## WHAT THE EXERCISE ASKS
From the listing below, reproduce exactly the lines starting with the one with "Vintage postcard ∙" and going on through the one with "Ground floor: (Kitchen(TV(satellite), dining", both ends kept. No picture is copied.

## DATA TO PROCESS
---------------
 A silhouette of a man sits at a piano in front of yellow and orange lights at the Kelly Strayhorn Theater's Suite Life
---------------
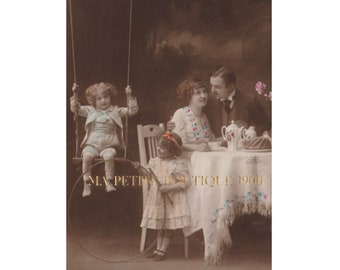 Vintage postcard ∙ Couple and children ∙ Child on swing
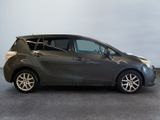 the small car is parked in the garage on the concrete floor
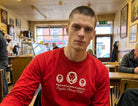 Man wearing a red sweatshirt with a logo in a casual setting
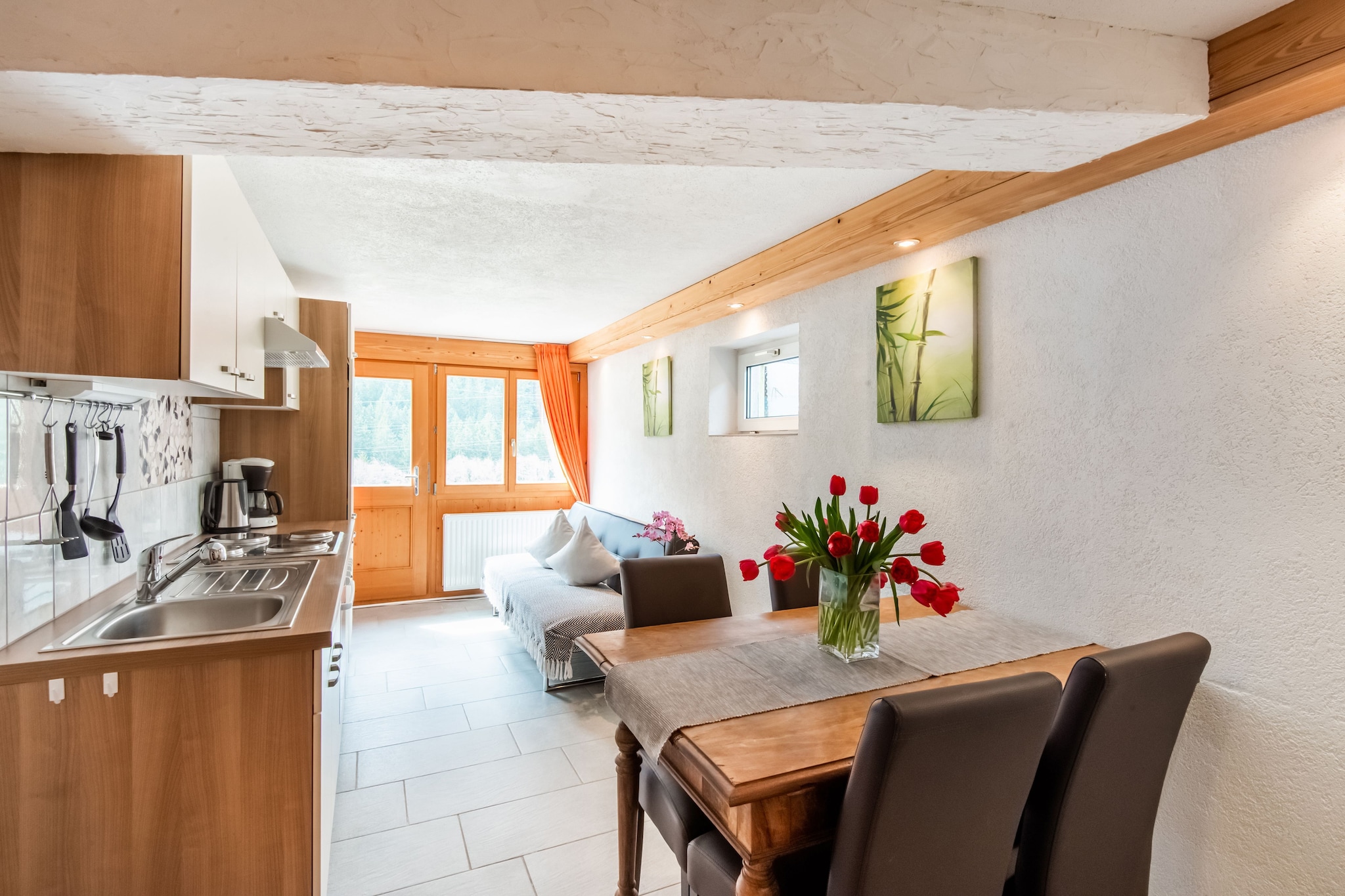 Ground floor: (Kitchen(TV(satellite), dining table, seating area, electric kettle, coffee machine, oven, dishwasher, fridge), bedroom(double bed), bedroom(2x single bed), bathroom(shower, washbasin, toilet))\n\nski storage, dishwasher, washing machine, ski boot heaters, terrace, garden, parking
---------------
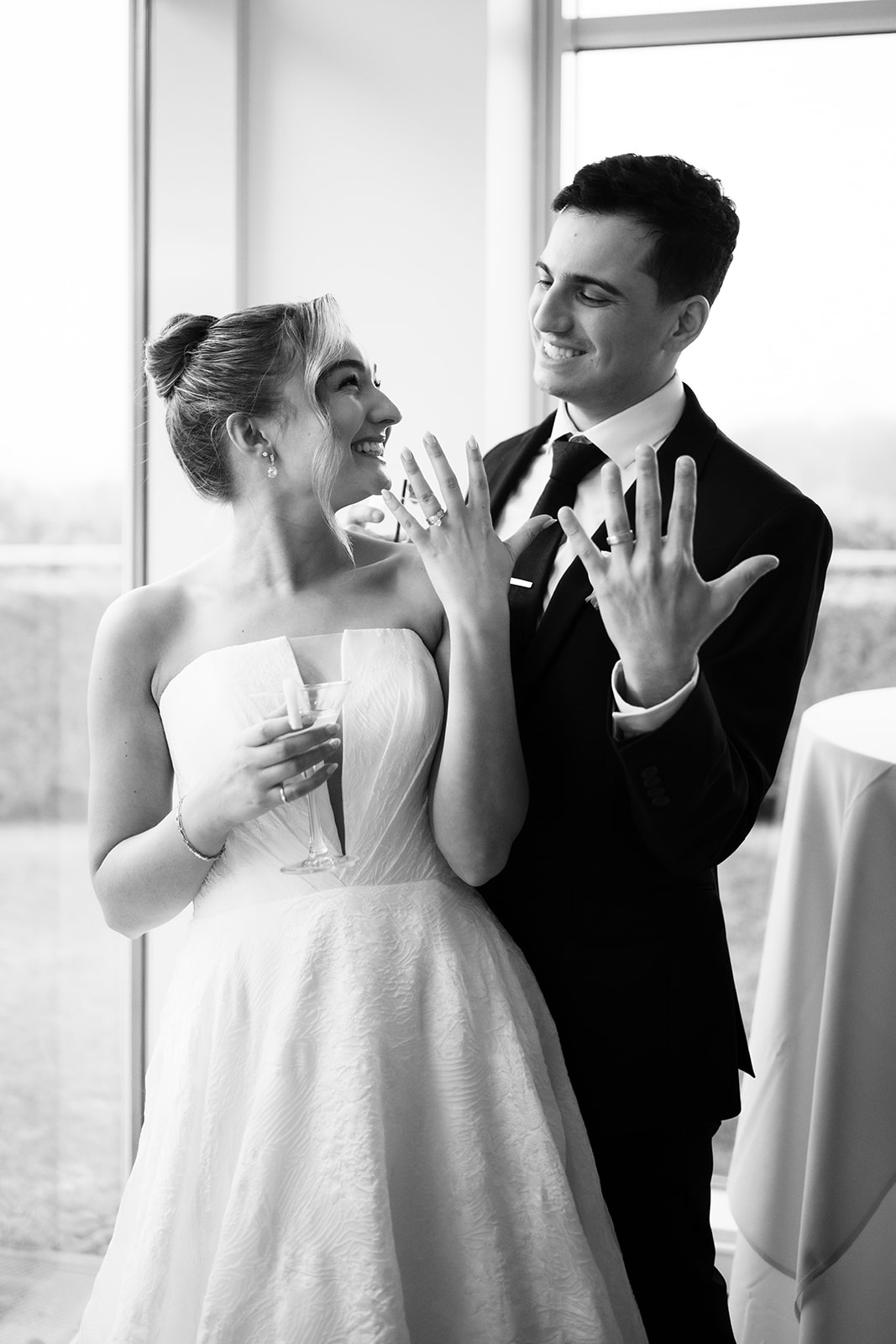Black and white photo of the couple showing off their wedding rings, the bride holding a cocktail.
---------------
## YOUR SOLUTION
 Vintage postcard ∙ Couple and children ∙ Child on swing
 the small car is parked in the garage on the concrete floor
 Man wearing a red sweatshirt with a logo in a casual setting
 Ground floor: (Kitchen(TV(satellite), dining table, seating area, electric kettle, coffee machine, oven, dishwasher, fridge), bedroom(double bed), bedroom(2x single bed), bathroom(shower, washbasin, toilet))\n\nski storage, dishwasher, washing machine, ski boot heaters, terrace, garden, parking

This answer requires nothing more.